Like most of his compatriots he had begun a traditional ‘cadetship’ on his hometown paper — in his case the Townsville Daily Bulletin in Queensland. In those days, Australia's Deep North was a jungle of dirty politics, corrupt policing and bellicose unions. Visits to the Seamen's Union while covering the waterfront introduced him to revolutionary doctrine. He also developed a weakness for hero-worship, idolising Frederick Engels and Karl Marx.
Another subversive, Rupert Murdoch, aged 30, bought the tabloid Sydney Daily Mirror, effectively a declaration of war on complacent rival proprietors. An associated title, the Mount Isa Mail, lay a mere 900 miles inland from Townsville. A job there would be a toehold in the growing empire. Whatever happened, Mitchell assured himself in going for it, that he “would be working for Rupert. And he knows what hard-edged journalism is all about.”
‘The Isa’ was a company town on the edge of civilisation, forty nationalities among its 17,000 population. The only industry, hugely profitable, was mining copper and associated mineral treasures. Young Alex recognised the permanent confrontation between mineowners and miners' union as dialectical materialism in action but the journalism of participation for which he had begun to yearn still lay ahead. For the moment, the dominant ideology was getting the story and telling it straight. When a union committee refused to allow meetings to be reported, he hid in the ceiling space of their room and eavesdropped.
Murdoch came to town “tremendously impressive, charming, enthusiastic, full of ideas and down to earth…rolled up his sleeves and went to the pub for a beer with a bar full of dirt-stained miners”. It was Alex's chance to bid for a job in Sydney. The Mirror was locked in a circulation battle with The Sun, bare-knuckled tactics reminiscent of Ben Hecht's Chicago. Each paper produced four main editions and endless replates in between to get new headlines on the street. Murdoch's staff was “the toughest, meanest and most experienced … of the city's rambunctious press corps”. Some sneered at ‘the boy publisher’ but Mitchell was inspired by a proprietor who was also “a technically adept subeditor who could cut and rewrite a story with élan”.
Once in London, at the ST, Mitchell got a share of all the big stories — Burgess-Philby-McLean, Biafra, Scientology — before deciding to move to Granada's World in Action. Margaret Thatcher sneered that the programme's producers were “a lot of Trotskyites”, which was certainly true in his case. Together with a lot of other media folk—not all of whom may be pleased to find themselves mentioned—he found a new hero, an “unprepossessing figure with a round, almost hairless head, no neck and tiny legs barely reaching the carpet…”. His odd looks and manner notwithstanding, many thoughtful people found Gerry Healy a stimulating guide in the turbulent times of Vietnam, 1968 Paris, the Northern Ireland insurgency and the meltdown of Stalinism. To Mitchell, he personified the ‘pure’ internationalist Marxist doctrine that Trotsky tried to protect from Leninist distortion.

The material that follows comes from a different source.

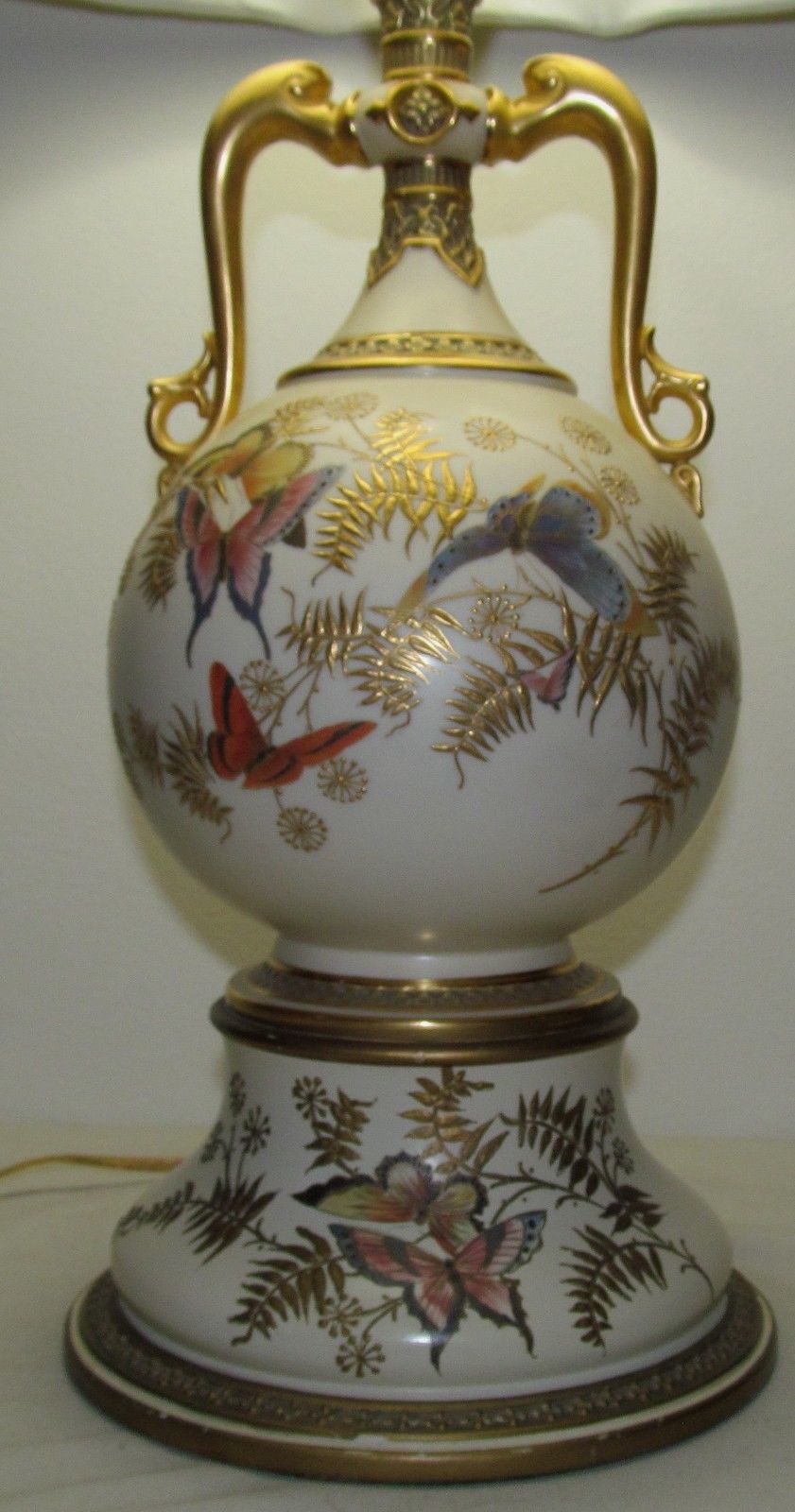 ROYAL WORCESTER TABLE LAMP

Soon Granada, too, was in the past. As with the ST, Mitchell's departure may have come as a relief to colleagues who, no matter how much they liked him personally, found it trying to find every story subjected to doctrinaire analysis. A partly successful effort to turn the Socialist Labour League's Workers Press into a professional newspaper was followed by several years of roaming the world, spreading the word and begging for money — hence inspirational encounters with such revolutionary figures as Gaddafi and Yasser Arafat, often in the company of Vanessa Redgrave, the glamorous—and generous—party figurehead.
The SLL (renamed the Workers Revoloutionary Pary in 1973) fell apart in 1985, wrecked by a combination of financial misdealing and some senile sexual mischief by Healy.
Disillusioned, denounced by Healy with characteristic paranoia as an MI5 mole, Mitchell returned to Australia and moved seamlessly back into mainstream newspapering. With him went Judith White, the most enduring of his fellow travellers, who deserves high praise for digging out the pictures and clippings that supplement Mitchell's remarkable recall. Full marks also to the University of New South Wales Press for recognising this as the chronicle of a singular career, well worth a place in the annals.